Cash will also be available for manufacturers of “key components” which are designed for and primarily used in green technologies — such as membranes used in electrolysers — and for the production of critical raw materials necessary for their production.


Grants will be set at €150m, rising to €200m or €350m in areas categorised by the EU as relatively deprived and in need of strategic investment.


“This €1.1 billion Italian scheme will support the production of strategic equipment, namely batteries, solar panels, heat-pumps, wind turbines, electrolysers and carbon-capture usage and storage,” said Margrethe Vestager, the EC’s executive vice-president in charge of competition policy. “These are key for the transition towards a net-zero economy.
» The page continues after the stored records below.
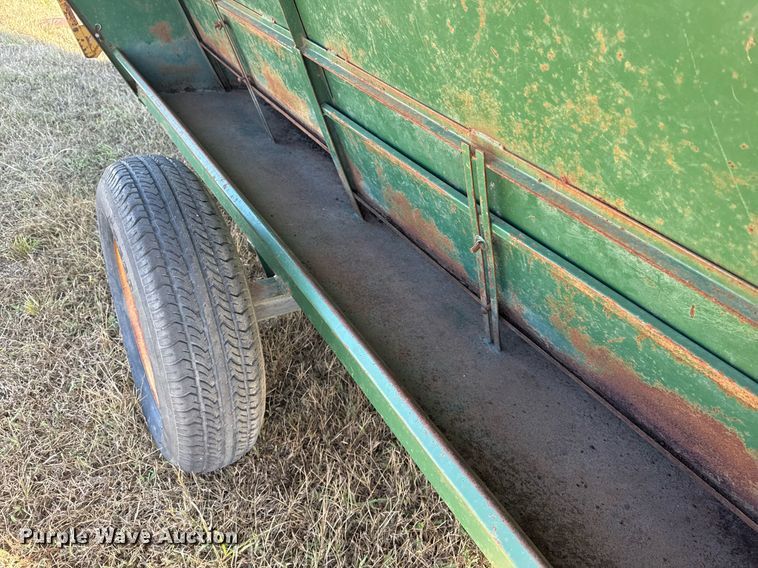 image for item EG7860 King Ag Products creep feeder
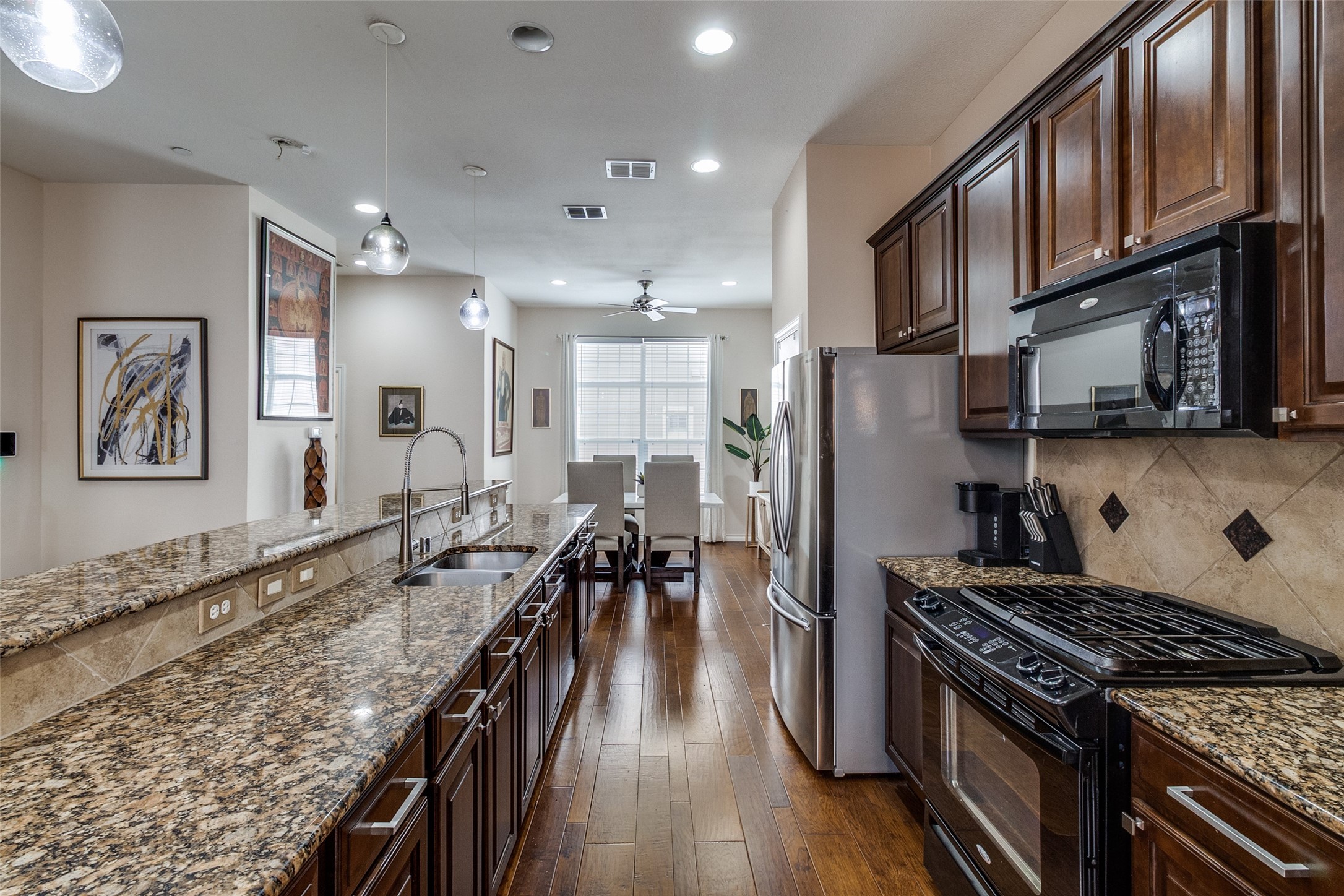 15826 Breedlove Place 143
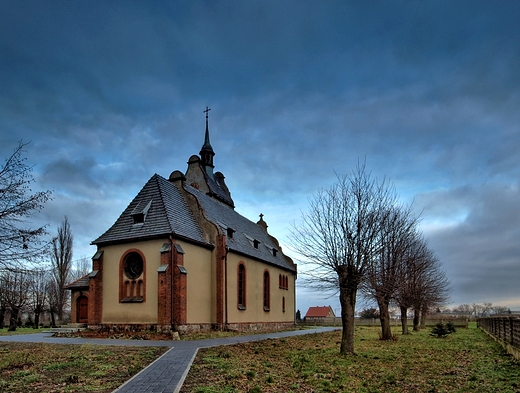 Poewangelicki koci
At the same time, the scheme ensures that possible competition distortions remain limited.”


This is the third major subsidy scheme benefiting the hydrogen industry put forward by Rome and approved by the EC this year, following the €550m programme to help Italy’s industrial giants switch to using renewable H2 from fossil fuel-based hydrogen, announced in January.


And prime minister Giorgia Meloni’s government has also received approval to award €350m to a green hydrogen “hub” in the south of the country — although the announcement was marred by the financial collapse of a major green steel hub in the region that was positioned to offtake renewable H2.